Aim of the exercise –
In the records below, the relevant part opens with the line containing "湖北省会计从业资格考试" and closes with the line containing "1787. Carlos III"; print that part exactly and only, without its pictures.
Supplied material START
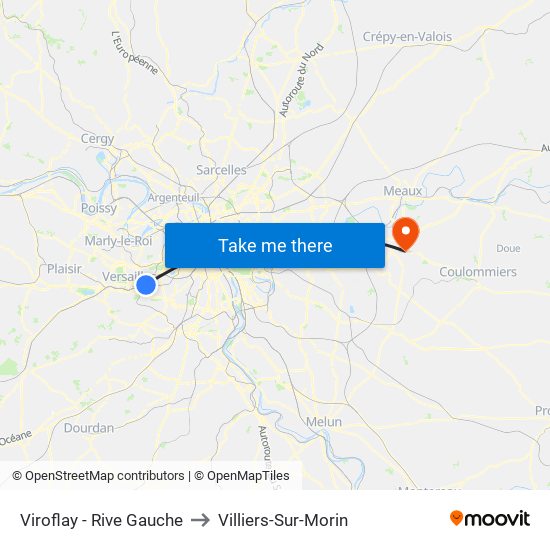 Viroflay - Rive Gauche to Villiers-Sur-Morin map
Supplied material END
Supplied material START
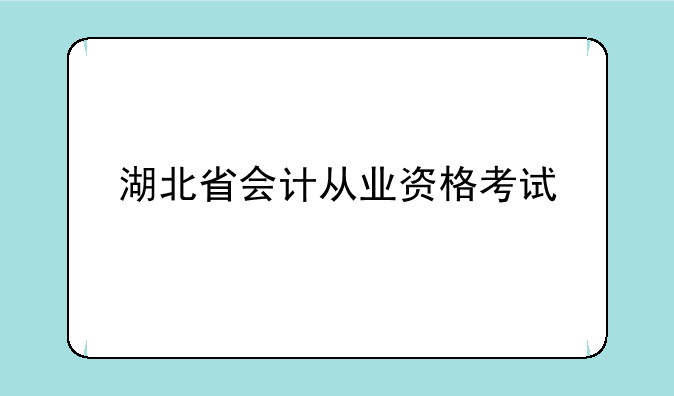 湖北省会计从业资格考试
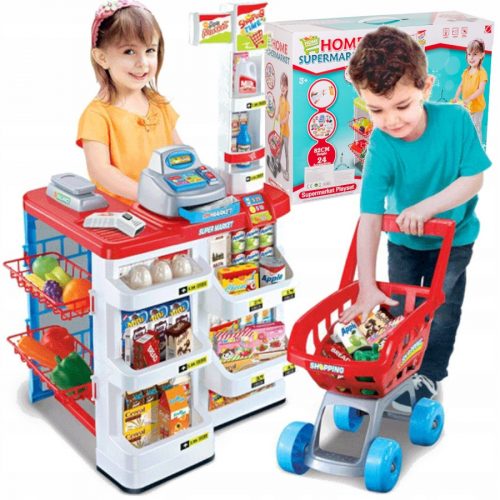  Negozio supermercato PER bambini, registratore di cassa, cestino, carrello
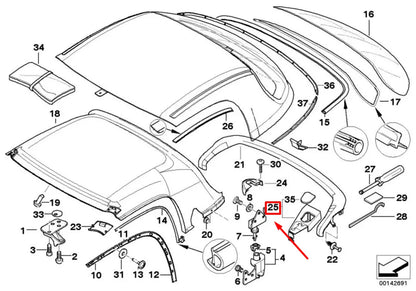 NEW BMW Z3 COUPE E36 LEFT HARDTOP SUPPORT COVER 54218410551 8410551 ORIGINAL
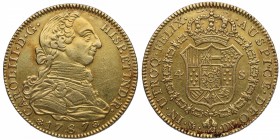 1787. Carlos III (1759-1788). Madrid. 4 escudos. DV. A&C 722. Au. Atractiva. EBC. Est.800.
Supplied material END
Supplied material START
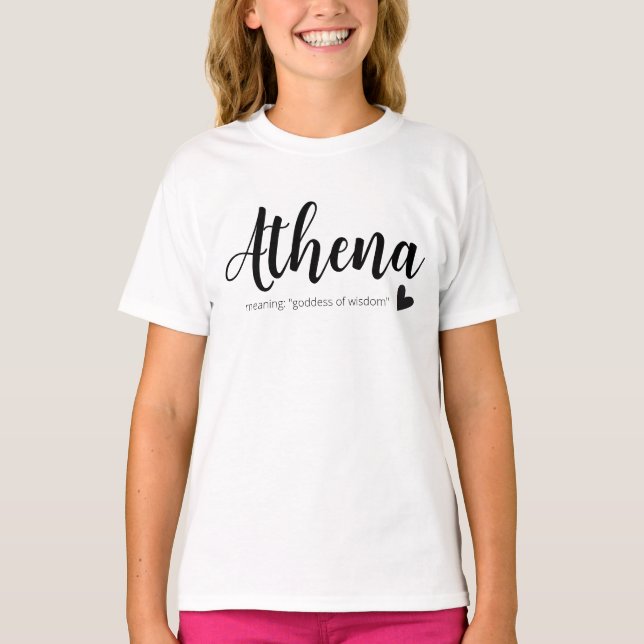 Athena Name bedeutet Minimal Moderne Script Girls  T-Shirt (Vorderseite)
Supplied material END
Completed exercise –
 湖北省会计从业资格考试
  Negozio supermercato PER bambini, registratore di cassa, cestino, carrello
 NEW BMW Z3 COUPE E36 LEFT HARDTOP SUPPORT COVER 54218410551 8410551 ORIGINAL
 1787. Carlos III (1759-1788). Madrid. 4 escudos. DV. A&C 722. Au. Atractiva. EBC. Est.800.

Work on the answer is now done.